Some of those tests really do take far longer than they should. Specially install.t is rather worrysome. It seems all slow tests use Distgen (t/lib/Distgen.pm) to do Build.PL cycles, I ran NYTProf on t/tilde.t and it turns out to spend 90% of its time in do_system and _backticks.

We could take a good look at what tests really need to DistGen route and which ones don't. I suspect there's a lot to win there.

kenahoo commented 11 years ago

Leon, I completely agree. If the only way to test many things is through a full Distgen cycle, that also probably indicates a lack of a good enough API.

Leont commented 11 years ago

Turns out that in t/install.t, the slowest test we have, Module::Build spends about 75% of its time in Pod::Simple. I guess something could be improved there too.

kentfredric commented 11 years ago

You can get a sizeable speedup installing most of cpan ( mb included ) via exporting HARNESS_OPTIONS=j10

You can't really do it for all modules, as quite a few have race conditions, or order-implicit behaviour. The most common flaw I hit was two tests creating and deleting the same paths, instead of using a File::Temp, which caused confusing failures.

But it most definitely shaves a few seconds of MB install/test.

https://gist.github.com/kentfredric/5646436

Odd points though: For some reason install.t takes only 3000ms, and I can't explain why its running so fast. I know the first time I ran my tests, it took a full 50+ seconds, but now its taking substantially less, as if its caching somewhere, but I haven't worked out /where/ its getting cached, and I've used a clean scratch directory each time.

miyagawa commented 11 years ago

@kentfredric i know I can speed up using -j, or even just skip tests to make it fastest, but the reason I brought up the issue here is to make it fast for everyone, so that the first-time experience for CPAN installation gets smooth, instead of waiting for 3 minutes to start actually building any module that uses MB.

kenahoo commented 11 years ago

The most common flaw I hit was two tests creating and deleting the same paths, instead of using a File::Temp, which caused confusing failures.

Eek, we should fix that.

ewilhelm commented 11 years ago

from Ken Williams on Friday 24 May 2013:

The most common flaw I hit was two tests creating and deleting the same paths, instead of using a File::Temp, which caused confusing failures.

Eek, we should fix that.

At one point, I went through and added $$ to all of the temp dirs to prevent any parallel tests from conflicting like this.

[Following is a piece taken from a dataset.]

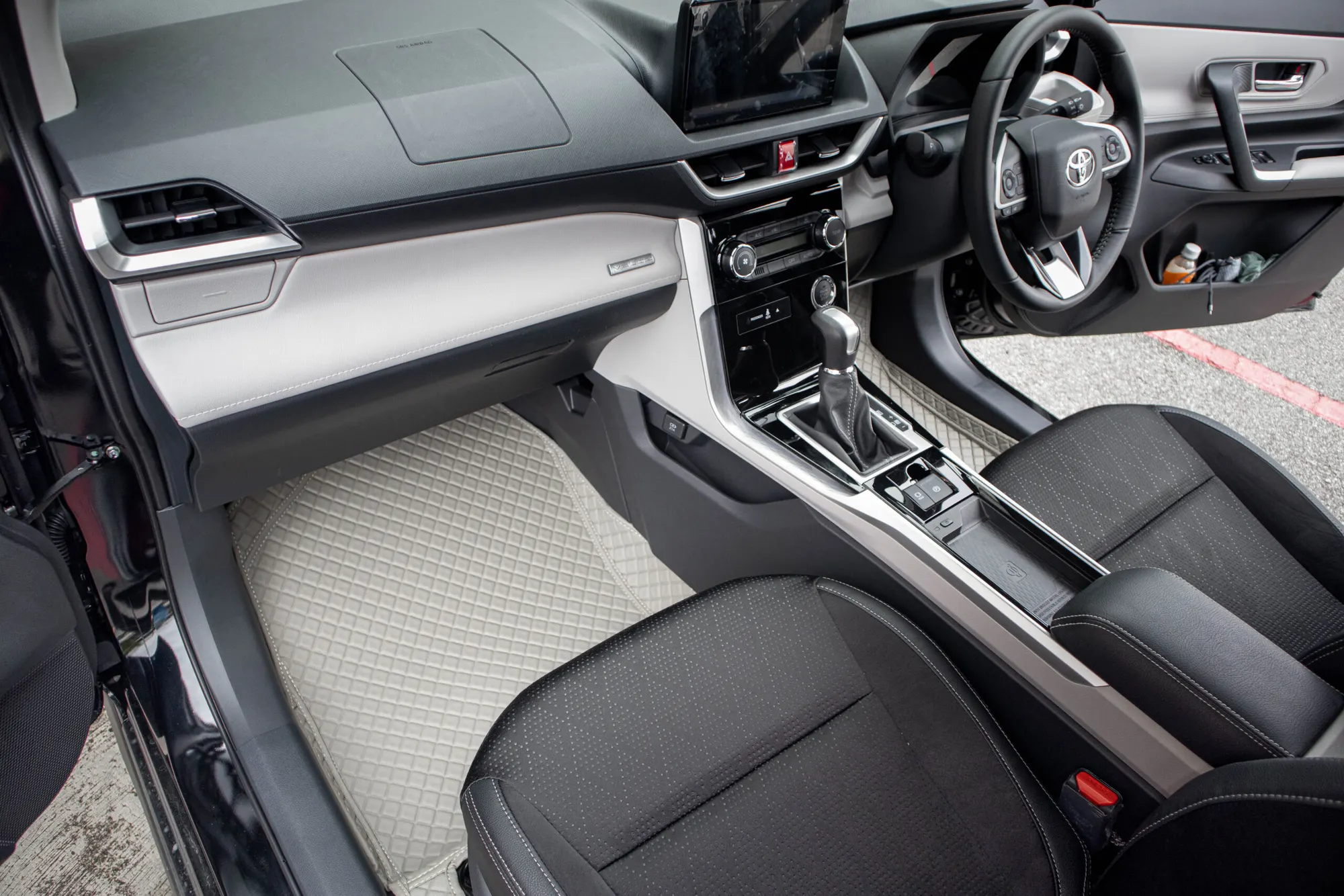 Seven-seater dashboard and front footwells with grey 3D car mats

If that didn't stick, I'm not sure whether a better abstraction would help or if it just requires more frequent checking to keep it parallel-clean (travis ci with -j999 ... ?)

--Eric


http://scratchcomputing.com

kenahoo commented 11 years ago

More frequent checking would be good, but I think we should use File::Temp instead of $$-insertion.

On Fri, May 24, 2013 at 6:01 PM, Eric Wilhelm notifications@github.comwrote:

from Ken Williams on Friday 24 May 2013:

The most common flaw I hit was two tests creating and deleting the same paths, instead of using a File::Temp, which caused confusing failures.

Eek, we should fix that.

At one point, I went through and added $$ to all of the temp dirs to prevent any parallel tests from conflicting like this. If that didn't stick, I'm not sure whether a better abstraction would help or if it just requires more frequent checking to keep it parallel-clean (travis ci with -j999 ... ?)

--Eric


http://scratchcomputing.com

— Reply to this email directly or view it on GitHubhttps://github.com/Perl-Toolchain-Gang/Module-Build/issues/13#issuecomment-18434618 .

Leont commented 11 years ago

But it most definitely shaves a few seconds of MB install/test.

https://gist.github.com/kentfredric/5646436

The fact that even a -j10 only increases speed by 20% strongly suggests that the tests are IO bound (though the FS caching thing is begging for a retry).

Odd points though: For some reason install.t takes only 3000ms, and I can't explain why its running so fast. I know the first time I ran my tests, it took a full 50+ seconds, but now its taking substantially less, as if its caching somewhere, but I haven't worked out /where/ its getting cached, and I've used a clean scratch directory each time.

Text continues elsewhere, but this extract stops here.